INFORMATION PROVIDED:
- - -

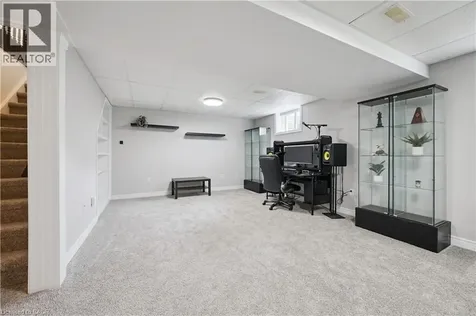 4 George Street Norwich ON N0J 1P0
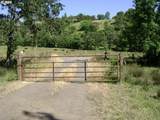0 Newton Creek Rd - Photo 1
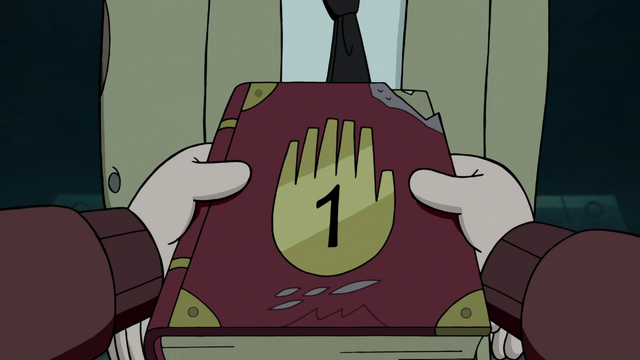 File:S2e12 journal 1.png
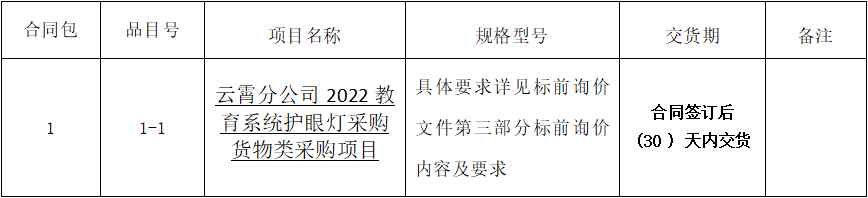 1654676517(1).png 1654676517(1).png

- - -

ASSIGNED TASK: Reproduce the data exactly, please, and omit its pictures.

PROBLEM SOLUTION:
 4 George Street Norwich ON N0J 1P0
0 Newton Creek Rd - Photo 1
 File:S2e12 journal 1.png
 1654676517(1).png 1654676517(1).png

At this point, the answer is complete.